Grant Billmeier

NJIT Highlanders
- Title: Head coach
- League: America East Conference

Personal information
- Born: October 6, 1984 (age 41) Pennington, New Jersey, U.S.
- Listed height: 6 ft 10 in (2.08 m)

Career information
- High school: St. Patrick (Elizabeth, New Jersey)
- College: Seton Hall (2003–2007)
- NBA draft: 2007: undrafted
- Playing career: 2007–2009
- Position: Center
- Coaching career: 2010–present

Career history

Playing
- 2007–2008: s.Oliver Würzburg
- 2008–2009: AD Vagos

Coaching
- 2010–2014: Seton Hall (DBO)
- 2014–2015: Fairleigh Dickinson (assistant)
- 2015–2022: Seton Hall (assistant)
- 2022–2023: Maryland (assistant)
- 2023–present: NJIT

= Grant Billmeier =

American basketball coach

Grant Billmeier (born October 6, 1984) is an American former professional basketball player and current head coach of the NJIT Highlanders men's basketball team.

==Playing career==
The 6'10" Billmeier played high school basketball at both The Pennington School and St. Patrick before playing college basketball at Seton Hall under Louis Orr and Bobby Gonzalez. He appeared in 106 games for the Pirates.

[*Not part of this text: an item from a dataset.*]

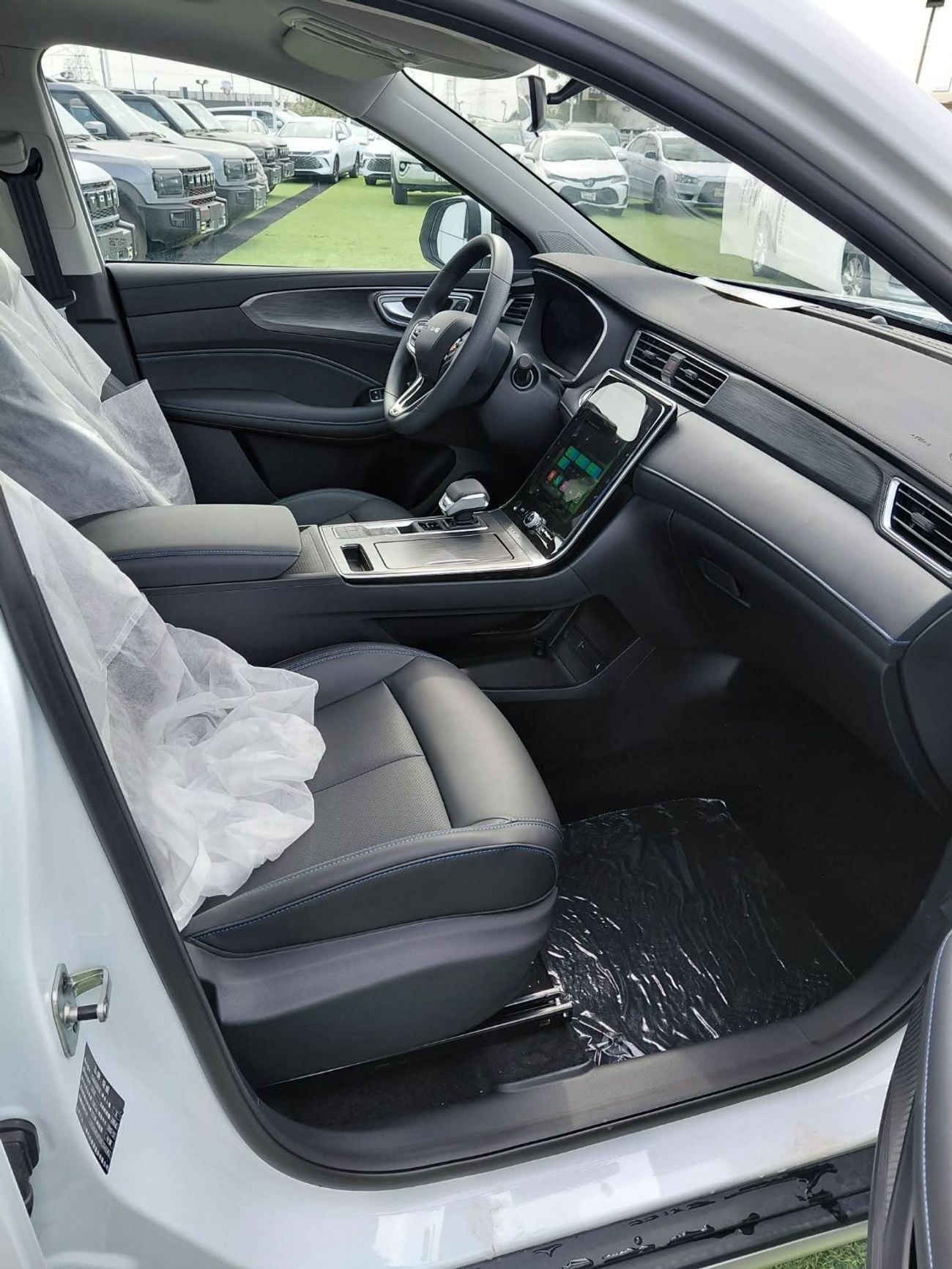Roewe RX5  ROEWE RX5 330TGI 2025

After graduation, Billmeier played professionally in Germany with s.Oliver Würzburg and in Portugal for AD Vagos.

==Coaching career==
Billmeier began his coaching career at his alma mater in 2010 as the director of basketball operations under Kevin Willard, a role he served in until 2014 when he joined the coaching staff at Fairleigh Dickinson for a single season. He'd return to Seton Hall as a full assistant coach, where he'd be part of five NCAA tournament squads with the Pirates as well as the 2016 Big East Tournament championship team and 2019–20 Big East regular season co-championship team. When Willard accepted the head coaching position at Maryland, Billmeier joined him as an assistant coach.

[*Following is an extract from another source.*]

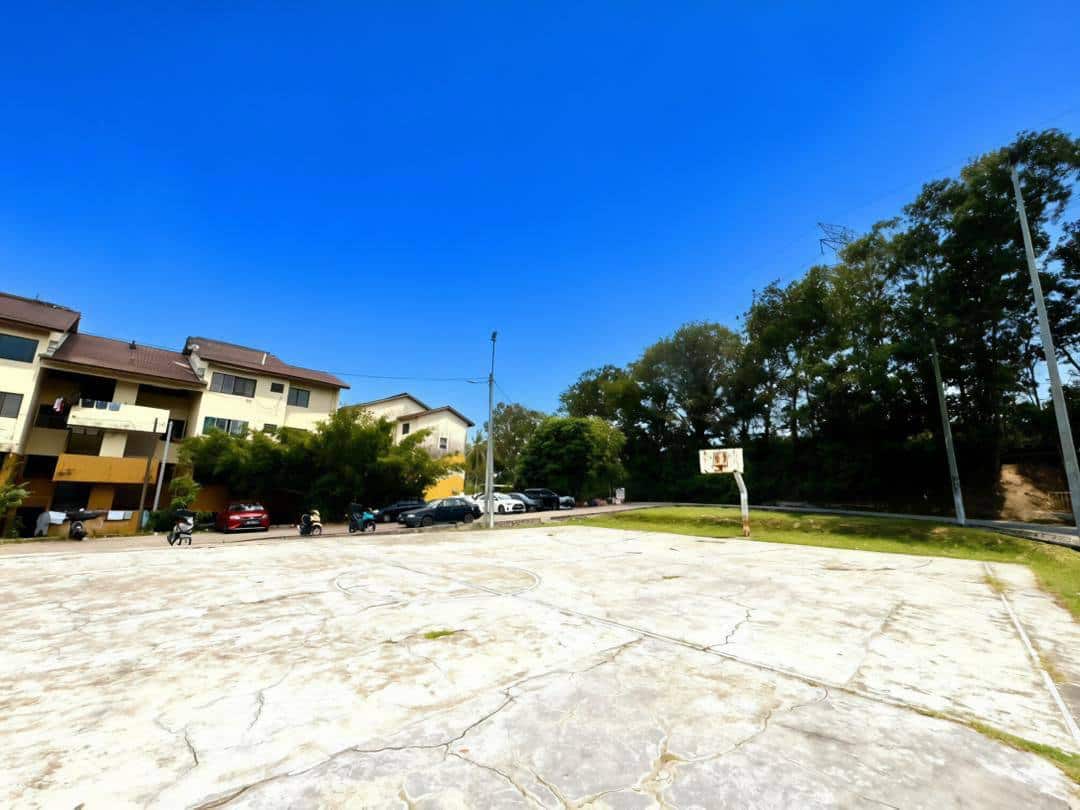 Low Cost Flat End Lot Perling 6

On April 5, 2023, Billmeier was named the head coach at NJIT, replacing Brian Kennedy.

==Head coaching record==

Record table
| Season | Team | Overall | Conference | Standing | Postseason |
NJIT (America East Conference) (2023–present)
| 2023–24 | NJIT | 7–21 | 3–13 | 9th |  |
| 2024–25 | NJIT | 6–25 | 3–13 | 9th |  |
| 2025–26 | NJIT | 16–17 | 10–6 | 3rd |  |
| 2026–27 | NJIT | 0–0 | 0–0 |  |  |
| NJIT: |  | 29–63 (.315) | 16–32 (.333) |  |  |  |  |  |
| Total: |  | 29–63 (.315) |  |  |  |  |  |  |  |
National champion Postseason invitational champion Conference regular season champion Conference regular season and conference tournament champion Division regular season champion Division regular season and conference tournament champion Conference tournament champion

==Awards==

- Robin Cunningham Award for best academics
- Richie Regan Award
- All-State Second Team selection (H.S.)